Para terminar essa minha truculenta relação com as canções infantis, eu ficava arrasadíssima com a música do ribeirão que secou. Na parte do “as flores já não crescem mais / até o alecrim murchou / o sapo se mandou / o lambari morreu / porque o ribeirão secou”, eu com certina absoluta achava que o Lambari era uma pessoa que tinha morrido. Puxa, muito triste isso! Eu não chegava a chorar, mas me recusava terminantemente a cantar algo tão trágico. Mal sabia eu que a melodia da idade adulta traria imagens infinitamente mais trágicas do que as que minha mente criativa imaginava de maneira tão inocente. Porque, meus caros, quando a gente perde a inocência, passa a sofrer não mais apenas na imaginação.

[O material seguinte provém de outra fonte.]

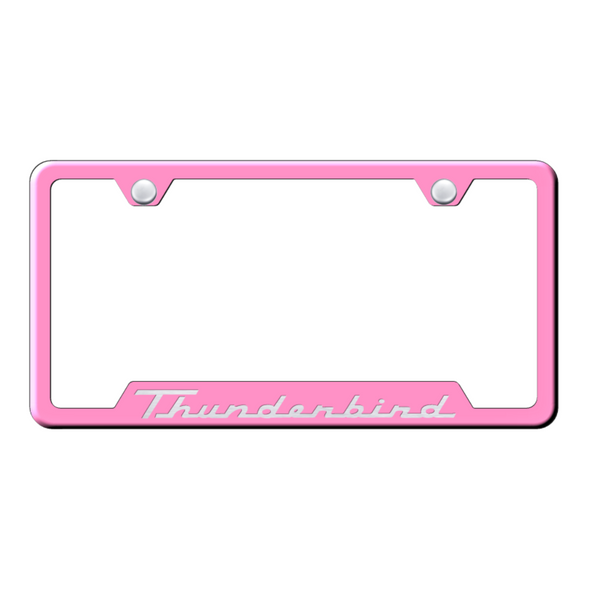 Thunderbird Cut-Out Frame - Laser Etched Pink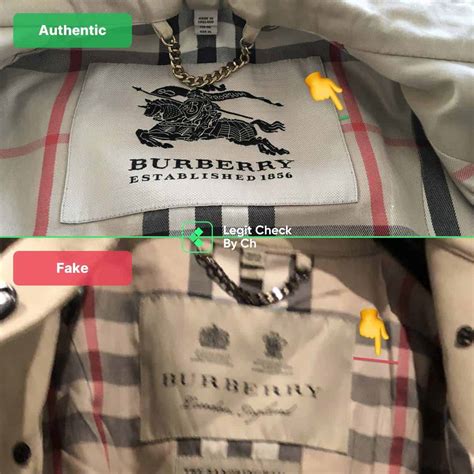 burberry logo real vs fake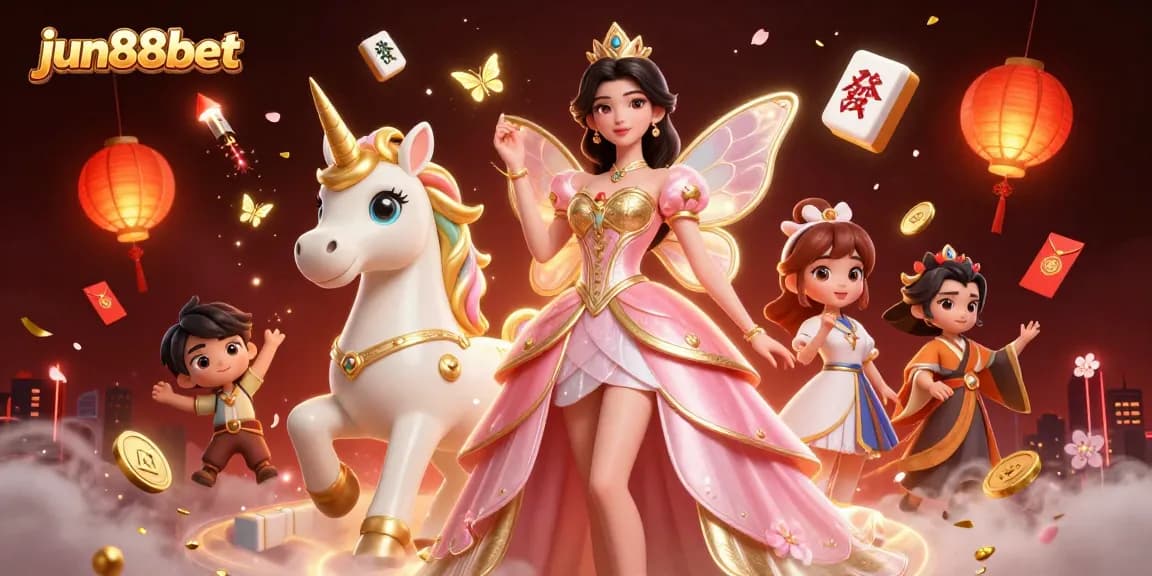 Experience the thrill of online gaming at jun88bet with vibrant 3D casino elements and carnival fun.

Legenda da imagem: quadro de Almeida Júnior, chamado "O violeiro" (1899), fotografado na Pinacoteca do Estado, em São Paulo.

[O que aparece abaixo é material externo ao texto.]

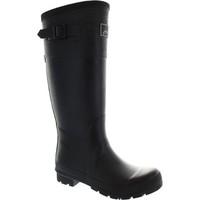 joules w cavendish womens wellington boots in black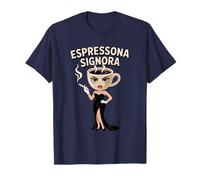 Espressona Signora Italiano BrainRot Café Meme Camiseta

Curiosidade: segundo o Houaiss, "concertina: instrumento da família do acordeão, de forma hexagonal, dotado de dois teclados de botões com que se produzem acordes e melodias; gaita".

8 comentários:

Anônimo disse...

Lindo, poético, sincero! Vc me fez lembrar de músicas que ouvia quando criança... e como vc, tb emendava palavras que depois não sabia o que significavam....rsrsrsr
Era muito bom, e com certeza, a melhor época de nossa vidas, né?
Bj

Alexandre Silva

Anônimo disse...

Kandy,
eu tb achava a música do "ribeirão que secou" muito deprê... Mas é muito melhor que muita coisa que as rádios executam por aí... Por exemplo, eu não tenho a menor dor na consciência em dizer que Mamonas Assassinas foram tarde, rs, pois, musicalmente falando, que falta eles fazem? Teve um outro "funkeiro", eu acho, que cantava com o irmão e se foi...(tarde tb)... Depois minha mãe- que ouve pagode, pra meu desespero- não sabe por que eu "apelo" p/ as bandas de rock internacional... É muito mais profundo/ filosófico um álbum como o "Seventh son of the seventh son", do Iron Maiden, do que certas coisas que somos obrigados a engolir em português, como uma musiquinha da "água de coco", (do Daniel ou Alexandre Pires, eu graças a Deus não sei quem é...).
Bjs, da sempre revoltada,
Jana

Anônimo disse...

Ora, vc tirou a minha ilusão! Eles encontravam-se na esquina pra dançar o solidó!!! E Tumitinha era o menino apaixonado!

Anônimo disse...

Me reconheço em muitos dos seus textos... Esse é um deles...
Bjos...

Anônimo disse...

ai, ai, ai... muitos risos!!!
Como era bom demais ser criança!!
Gostosura de texto.

Anônimo disse...

Adorei...Lembrou-me nossa infância.
Lembro de uma música sobre uma tal de A Linda Rosa Juvenil, que vivia em um castelo e até hoje a tal linda rosa eu não tenho a mínima idéia do que seja. E o Atirei o Pau no Gato? Que coisa mais cruel com o bicho. E Dorme nene que a Cuca vem pegar????
Pergunto: Como conseguimos sobreviver a nossa infância e nos tornar pessoas tão normaizinhas depois de tudo isso? rsrsrsrsrsrsrs

Anônimo disse...

Kandy,
apesar de já termos conversado sobre isso, você acredita que ri muito lendo o texto?

Muito bom!

Beijos,

Anônimo disse...

Sinto-me privilegiada, por em certa época da minha vida poder ter lhe conhecido pessoalmente e hoje mais que naquela época, por incrivel que pareça, suas palavras acalmam meu coração...muitas vezes me encontro nas suas idéias...assim como nesse poema...o do Papai Noel e outros diversos que vou lendo aos poucos.
Parabéns, você é linda por dentro e por fora mais ainda, e você sabe disso!!!
Felicidades, saúde e um grande AMOR é o que desejo de coração pra você!